## 0. Library

In [17]:
! pip install scikit-learn --user
! pip install textblob -- user

import pandas as pd
import os




[notice] A new release of pip is available: 24.0 -> 24.2
[notice] To update, run: python.exe -m pip install --upgrade pip




ERROR: Could not find a version that satisfies the requirement user (from versions: none)
ERROR: No matching distribution found for user

[notice] A new release of pip is available: 24.0 -> 24.2
[notice] To update, run: python.exe -m pip install --upgrade pip


## 1. Data Cleaning

In [2]:
def list_csv_files(directory):
    # List to hold csv file names
    csv_files = []
    
    # Iterate over files in the directory
    for filename in os.listdir(directory):
        # Check if the file is a CSV
        if filename.endswith('.csv'):
            csv_files.append(filename)
    
    return csv_files

folder_path = 'data'
csv_files = list_csv_files(folder_path)

# List to hold dataframes
combined = []

# Specify the required columns
required_columns = ['sender', 'receiver', 'date', 'subject', 'body', 'urls', 'label']

# Process each file
for file in csv_files:
    file_path = os.path.join(folder_path, file)
    
    # Read with TREC-specific parameters if needed
    if 'TREC' in file:
        df = pd.read_csv(file_path, on_bad_lines="warn", lineterminator="\n")
    else:
        df = pd.read_csv(file_path)
    
    # Check if the dataset contains the required 7 columns
    if set(required_columns).issubset(df.columns):
        # Only select the required columns
        df = df[required_columns]
        combined.append(df)

# Concatenate all the dataframes into one
combined_df = pd.concat(combined, ignore_index=True)

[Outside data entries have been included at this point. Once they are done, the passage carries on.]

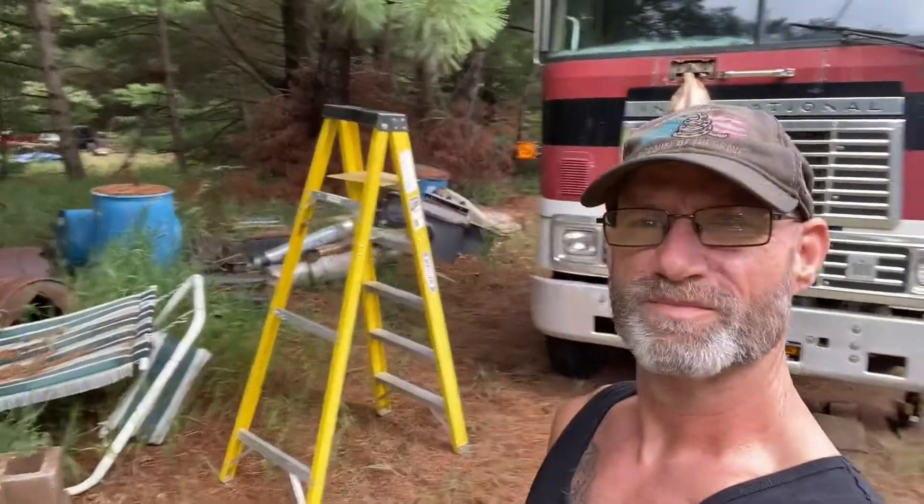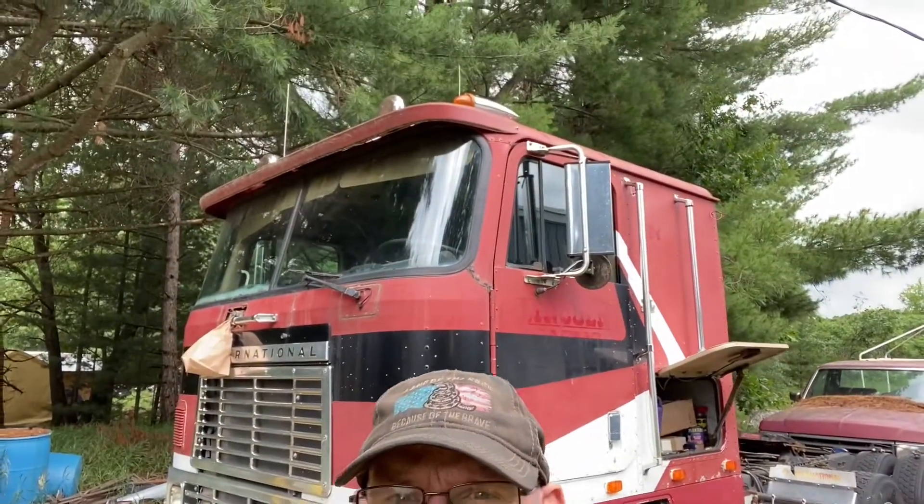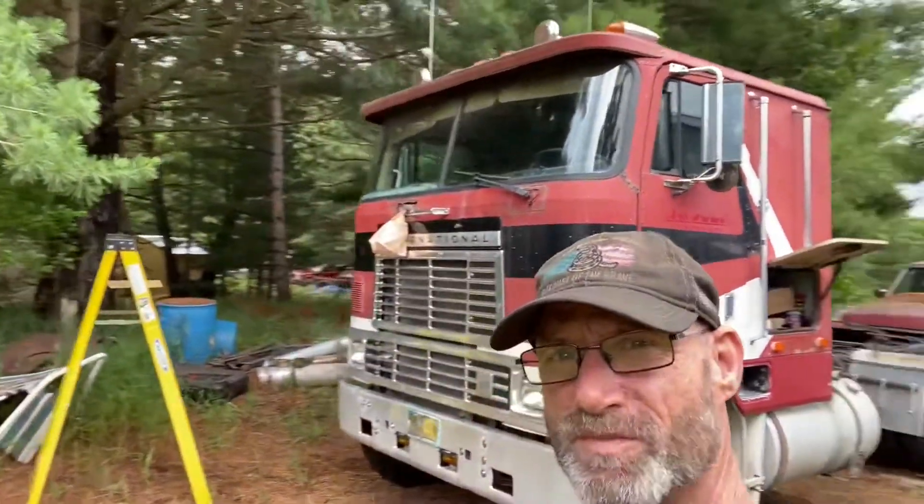I've gotta hook up the fog lights down on the bumper — they're just sitting there right now. And I've gotta hook up the four side markers I put in as LEDs, and remember that one that's going up top in the back — I'm putting one up there too. Just picture that when all of them get hooked up and lit up. Way better than before — the only thing that was ever lit on the side was the blinker when you turned it on.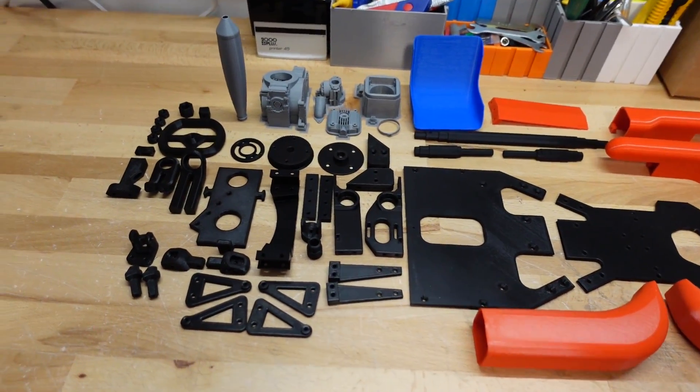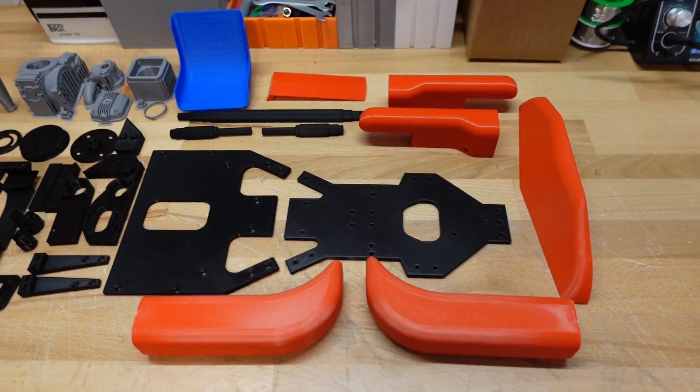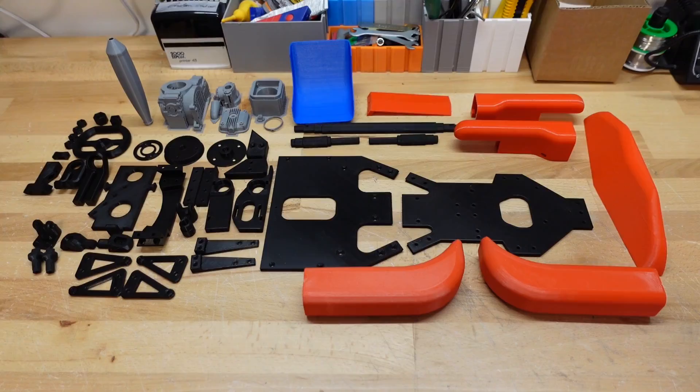Here are all the 3D printed parts you need to build the open RC go-kart. Chassis pieces in black, body panels in red, blue seat and engine in silver. Let's get building.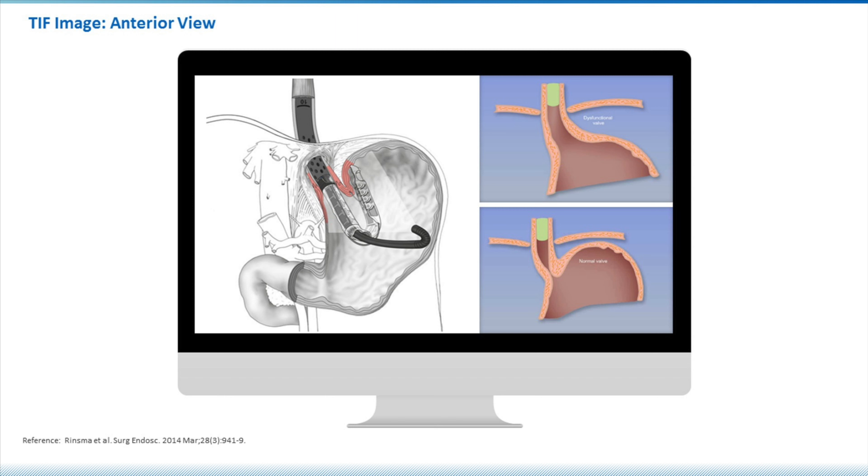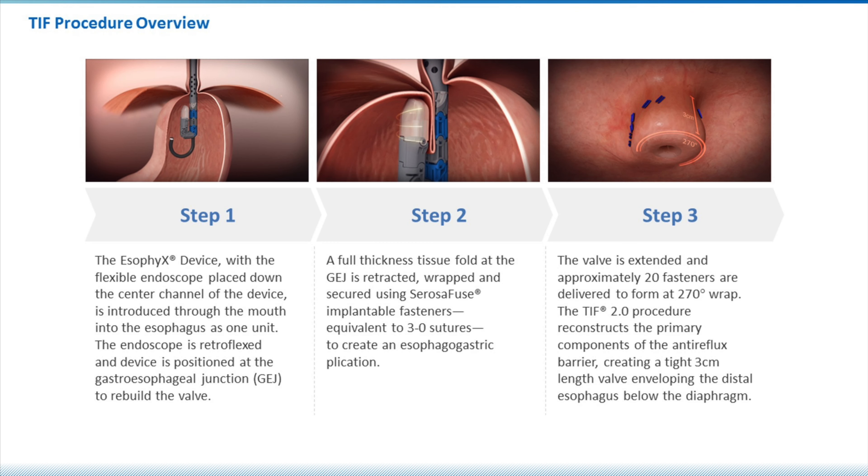Looking at the next slide, this is a pictorial where we can see the cutaway stomach and the device which has been inserted through the mouth and down into the stomach, with the endoscope inserted through the middle of the device in order to monitor and perform the procedure. What we're trying to do is take a person with GERD whose fundus is not up against the lower esophageal sphincter and use this device to approximate the fundus to the lower esophageal sphincter. The device pulls the fundus in and fires these little H fasteners — about 20 of them — creating a beautiful nipple-like valve that stops reflux.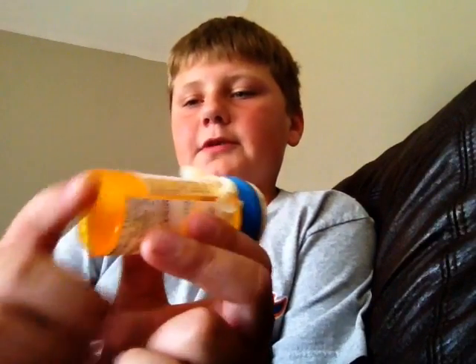Hey guys, so today I made this little pill bottle and it's supposed to be like a diaphragm for turkeys. All you have to do is cut the bottom of the pill bottle off, and then right here you're gonna cut like a half moon shape out of the lid.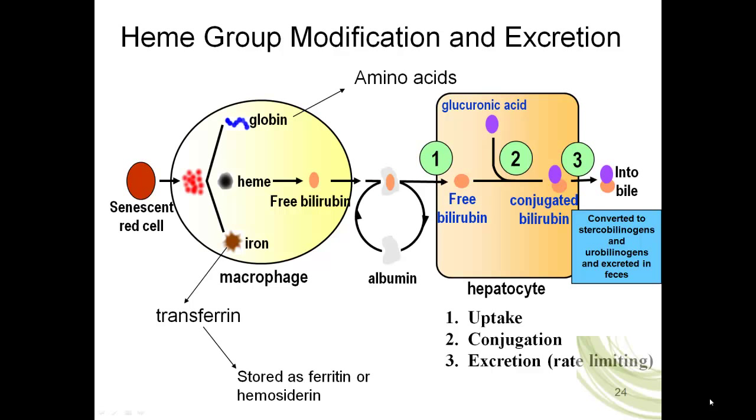The free bilirubin is taken up by the hepatocyte through endocytosis. Inside the hepatocyte, a second molecule is bound to the bilirubin: glucuronic acid. When glucuronic acid is bound to the bilirubin, we now say it's conjugated bilirubin — shown here as the purple and orange dots glued together. Conjugate means to marry together — like a conjugal visit in a prison. This conjugated bilirubin is released into the bile. Bile is extruded from the liver through the hepatic ducts.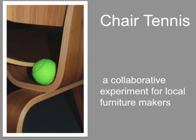Ladies and gentlemen, please meet Derek Taylor. Hey everyone, I'm Derek. I'm here to discuss an idea I have for getting local furniture makers together in a collaborative project.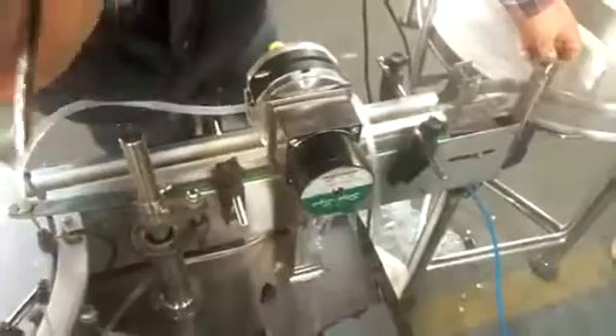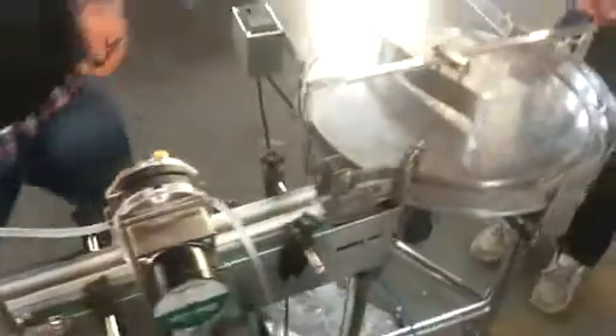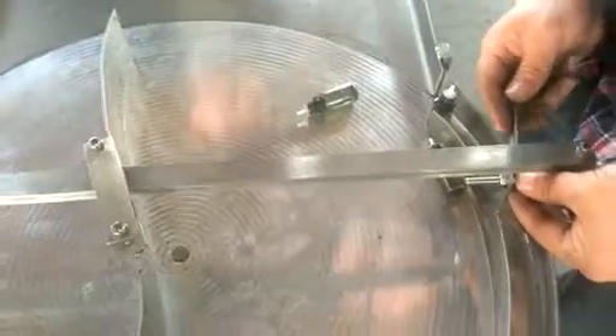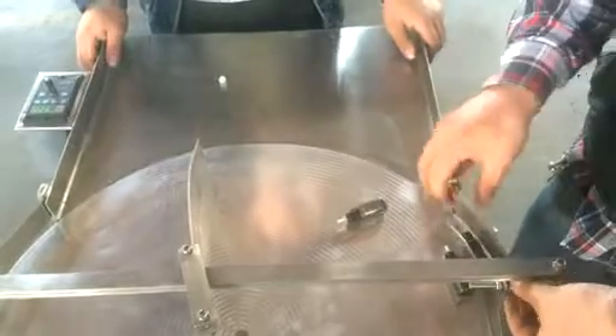After that, we should go to the bottle feeding part. We unscrew the bottle feeding part that we already adjusted for 30ml. Now we are changing to 15ml.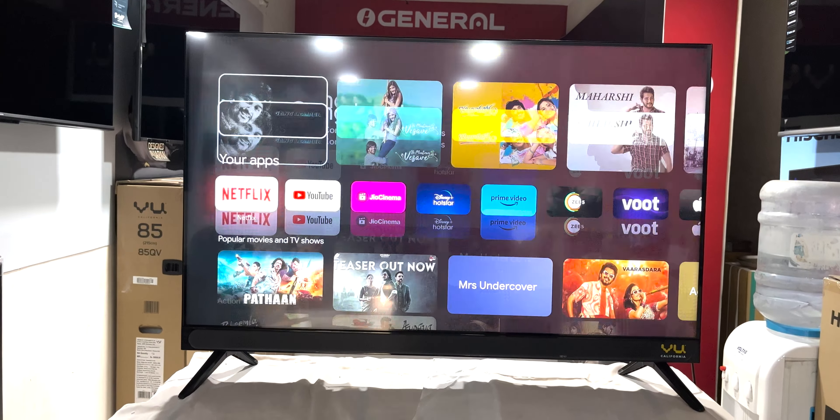If you check the bezels, there is a sound bar on the left side and in the bottom portion. There is also the VU California logo, along with an LED light indicator.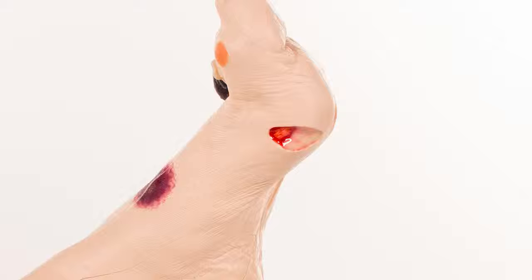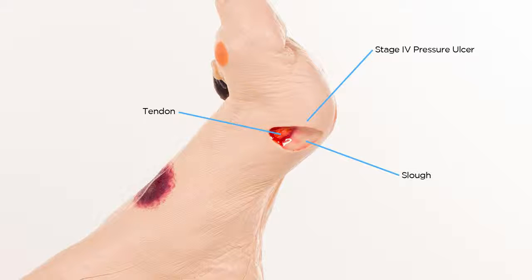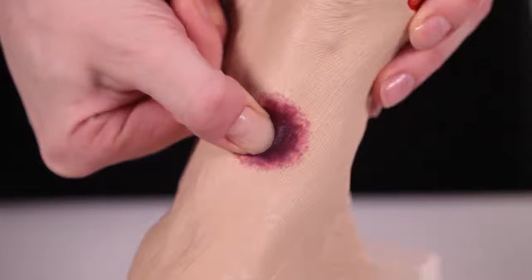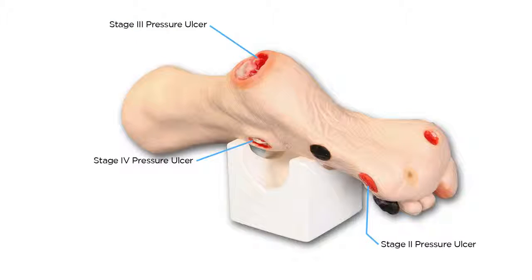On the medial aspect of the foot, another Stage 4 with exposed tendon and slough. The top of the foot displays a suspected DTI that, when palpated, has a soft, boggy feel. On the lateral side is an eschar wound.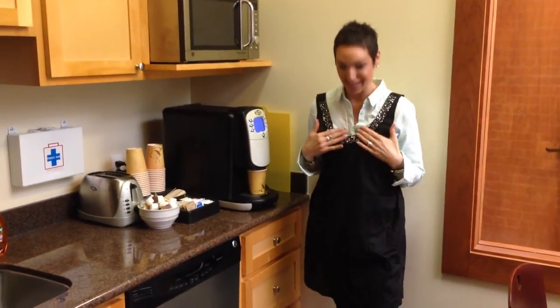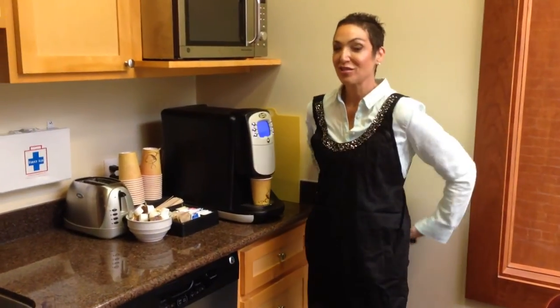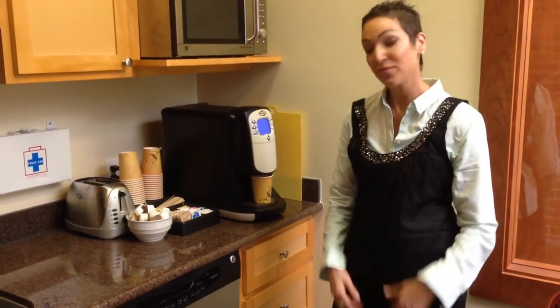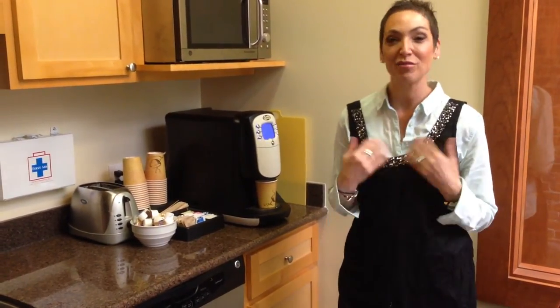Good news — we designed for you a little black dress apron. It has nice silver sequins on top. You look really cute in it. I wish I had on a little black dress to display it for you. If you don't like black, it comes in red with gold sequins.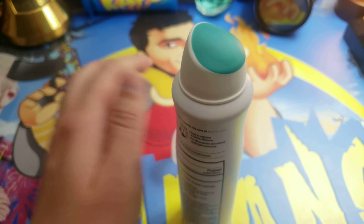Let me spray a little on my hand and show you what it'll look like. I did go ahead and spray it right there where it's reflective. They say there's no marks, and I see a little shine.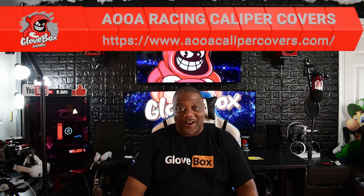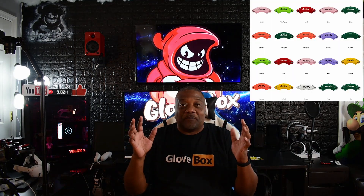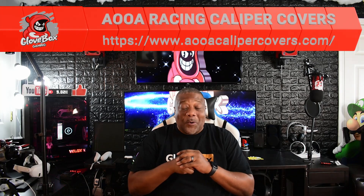So I partnered with a company called AOOA Racing. This company does what's called caliper covers. Caliper covers go on your brakes and they make a slew of different colors. They got with me and said, 'Hey, would you like some caliper covers?' I said heck yes. I'm going to show you guys what they did for me — a quick installation video. It's so simple. If you want to make your car pop a little bit, get you some AOOA Racing caliper covers.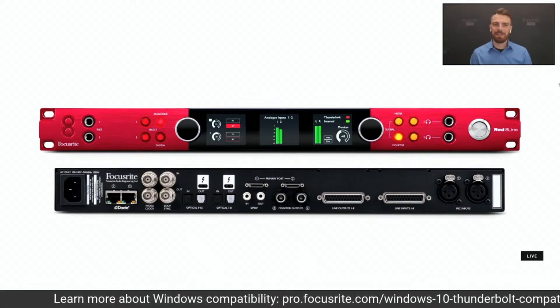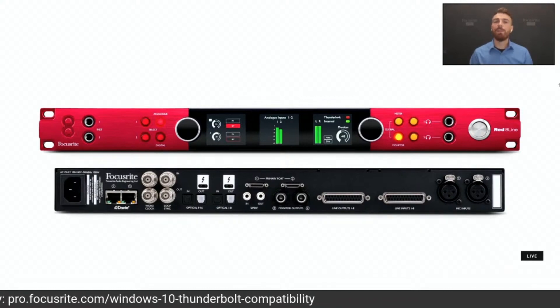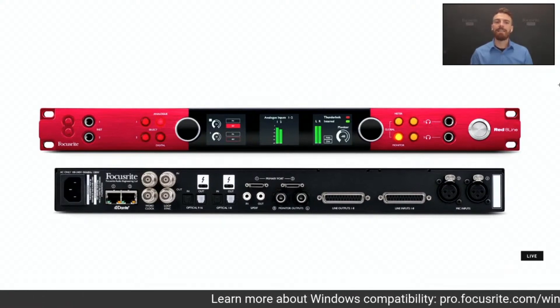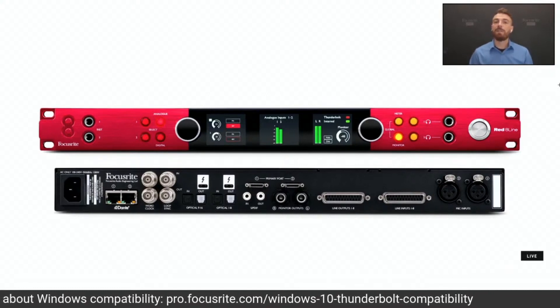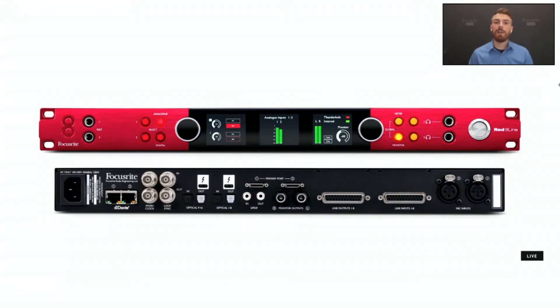The best thing about the REDs is that there are no hidden fees and nothing is optional. For those working with Pro Tools Ultimate or Pro Tools HDX, the DigiLink ports are fully active and ready to go as soon as you open the box. All you have to do is tell the RED that you're using Pro Tools mode instead of Thunderbolt mode, which engages a different set of internal drivers. That can be done either through the LCD screen on the device or in the Rednet Control software.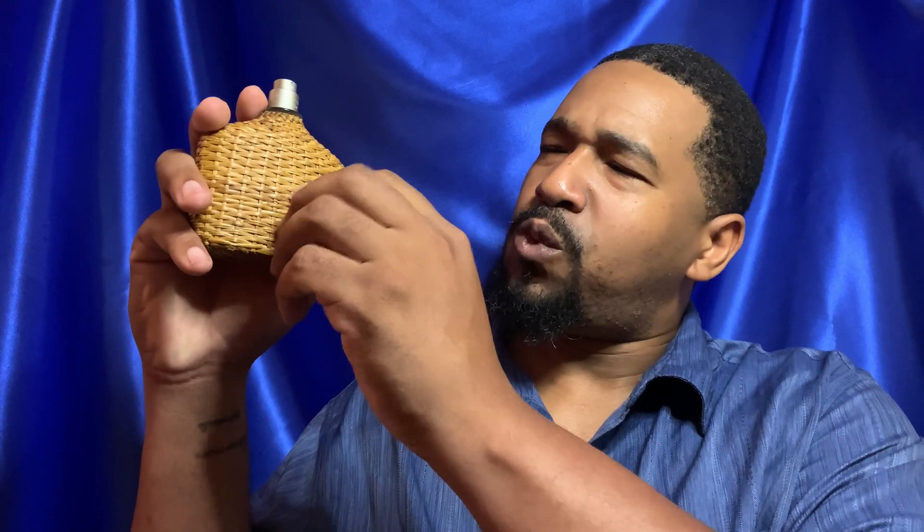This one won't break the bank either. If you can still find it, you can find it for about 35 or 40 bucks. Like I said, this one is a tester. I might even post a picture of the bottle with the top on there, but it's not much to the top either — it completes the whole presentation. We have a woven basket-type covering that goes all the way around the bottle.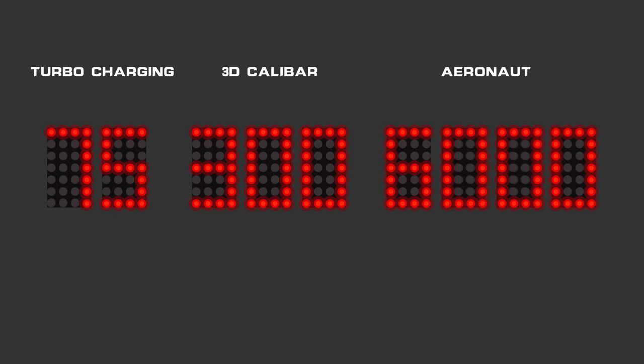The first digit determines the grade of the racket. If the first digit is 1, 2, or 3, the racket is suitable for beginners. If the first digit is 4, 5, or 6, the racket is suitable for intermediate players. If the first digit is 7, 8, or 9, the racket is suitable for advanced players.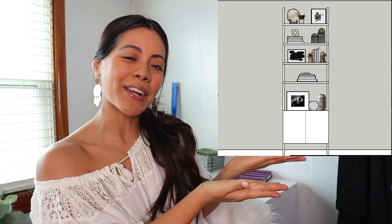So you want to learn how to style your bookshelf. Well, you have come to the right place, my friend, because in this video I am going to tell you and show you exactly how I styled this bookshelf right here.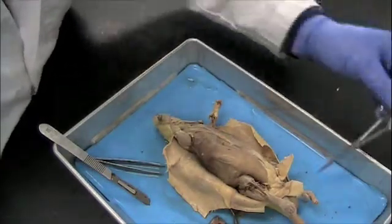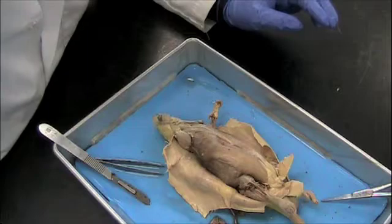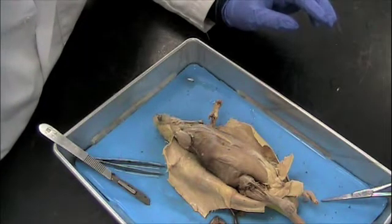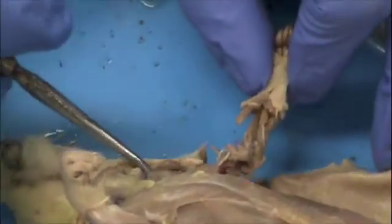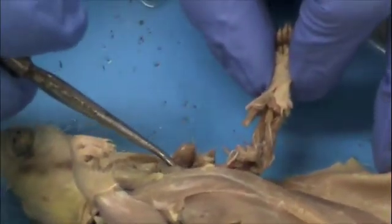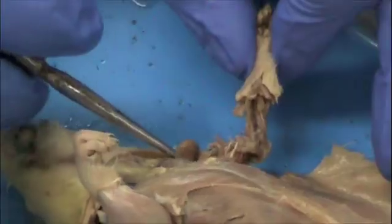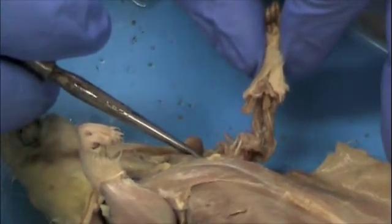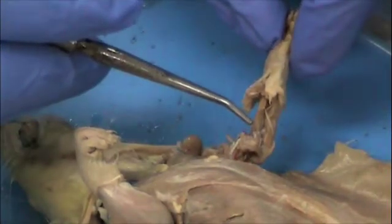We'll now look at the bones of the arm — they're very similar to the human bones. We'll be looking at three in particular: the humerus, ulna, and radius. Zooming in on the arm, I've exposed the bones by removing the muscles. We'll start at the shoulder and work our way toward the wrist. Connecting the shoulder to the elbow is the humerus, which is the larger single bone extending from the shoulder to the elbow area.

# Print the combined dataframe details
print(f"Combined DataFrame Shape: {combined_df.shape}")
print(f"Columns: {combined_df.columns}")


Combined DataFrame Shape: (184843, 7)
Columns: Index(['sender', 'receiver', 'date', 'subject', 'body', 'urls', 'label'], dtype='object')


In [4]:
# Remove rows with missing values in any of the columns
combined_df = combined_df.dropna()

# Print the shape of the cleaned DataFrame to confirm removal of missing values
print(f"Combined DataFrame Shape after removing missing values: {combined_df.shape}")


Combined DataFrame Shape after removing missing values: (174904, 7)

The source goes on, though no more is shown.